Vorige week was ik op de schaakclub (2e ronde
B.S.V. Open) en kwam mijn tegenstander helaas niet opdagen. Dat is natuurlijk
nooit zo leuk, maar – ook – omdat ik reglementair moest wachten besloot ik de
andere partijen te bekijken. En dat is toch een plezierige ervaring!
Wat voor schaakstellingen je allemaal ziet, is geweldig en
omdat ik zelf geen partij aan mijn hoofd had, besloot ik om bij – voor mij in
ieder geval – interessante stellingen mee te denken.
Zo had ik het genoegen om rond de 10e zet van
de partij van onze Bill te mogen kijken, waar hij in diep gepeins was
verzonken. Ik keek een tijdje mee en opeens zag ik het…………… en voelde dat Bill
aan het overwegen was of hij de bedoelde zet zal doen of niet. Het ging
uiteindelijk om een offer van een paard van Bill tegen 2 pionnen van de
koningsstelling van – niet minder – dan
Henk van Gool. Uiteindelijk besloot Bill dit niet te doen en zei later
als verklaring: "Ja, ik speelde wel
tegen Henk van Gool en moet ik mijn varianten dus wel goed doorrekenen".
Hierin heeft hij helemaal gelijk, want de stelling was zo
gecompliceerd dat je nooit alles kon berekenen. Maar…, ik denk dat als ik zijn
stelling had gehad, het juist wel had gedaan. En nu komt het. Juist, omdat
het – met alle respect – tegen Henk van
Gool is.
Waarom nu deze intro van Bill zijn partij in een
schaakverslag over mijn eigen wedstrijd in een andere externe competitie. Nu is
dat heel eenvoudig. Mijn tegenstander was weliswaar niet van het kaliber Henk
van Gool, maar ik kreeg een soort gelijk dilemma en nu zat ik zelf op de stoel
achter het bord……met zwart.
Graag nodig ik je uit deze partij mee te bekijken en
deelgenoot te worden van mijn dilemma.
In de opening zitten ongetwijfeld fouten, maar daar wil
ik het nu niet over hebben.

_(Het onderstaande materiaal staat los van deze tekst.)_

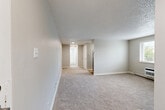 Located at 1054 S Dahlia St in Glendale, Colorado, this one-bedroom, one-bathroom residence offers a practical and efficient single-floor layout. The living room is open and spacious, featuring soft wall-to-wall carpeting, neutral gray walls, and a textured ceiling that carries throughout the home. Baseboard heating runs along the perimeter of the rooms, ensuring consistent warmth. The space flows through a connecting hallway that leads to the bedroom and bathroom.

Het gaat mij om het dilemma. Op dit moment hoor ik
dat één van onze teamgenoten heeft verloren en mijn tegenstander (die teamleider is van het
andere team) de eerste punt noteert. Alhoewel ik beter sta – vind ik zelf - weet
ik niet goed of ik de volgende zet wel of niet zou doen. Maar eigenlijk wist ik
het wel: Speelde ik op dit moment niet voor een team dan zou ik de volgende zet
wel hebben gespeeld: 15...Pd4 (maar ja,
wat te doen na 16. c3? Dan is 16...Da5 nog een optie. Volgt dan 17. b4, dan
wordt de loper van d6 geofferd op b4 tegen 2 pionnen. Een soort gelijk dilemma
dus als in de partij die Bill een week eerder speelde.
Blind kon ik het niet goed verder berekenen en door onze
eerste verliespartij durfde ik de ‘gok’ niet te wagen. Ik vertrouwde er op mijn
stelling te mogen uitbouwen en later een betere mogelijkheid te krijgen. Er
werd nu zetherhaling gespeeld en mijn tegenstander claimde remise, na driemaal
dezelfde stelling achter elkaar te hebben gehad. Het was tegen mijn verwachting
dat mijn tegenstander zo snel en makkelijk tot remise te verleiden was, maar
had er op dat moment wel vrede mee. Maar echt goed voelde het toch niet..., want bij naspelen, in de analyse, bleek dat zwart (na
bovenstaande zetten) heel veel kansen kon creëren en bij goed spel wit een
vervelende zondagmiddag bezorgen. Erger, wordt nog dat toen ik bezig was naar huis te gaan
mij opeens realiseerde dat er een loper stond op e2 en dat ik deze (na 16.c3) kon
slaan met mijn paard van d4. Mijn dame staat dan wel in, maar de dame van de
tegenstander ook. Dus eigenlijk kon ik gewoon een stuk winnen of in ieder geval
een winnende stelling creëren. AAaarghhhhh………………!!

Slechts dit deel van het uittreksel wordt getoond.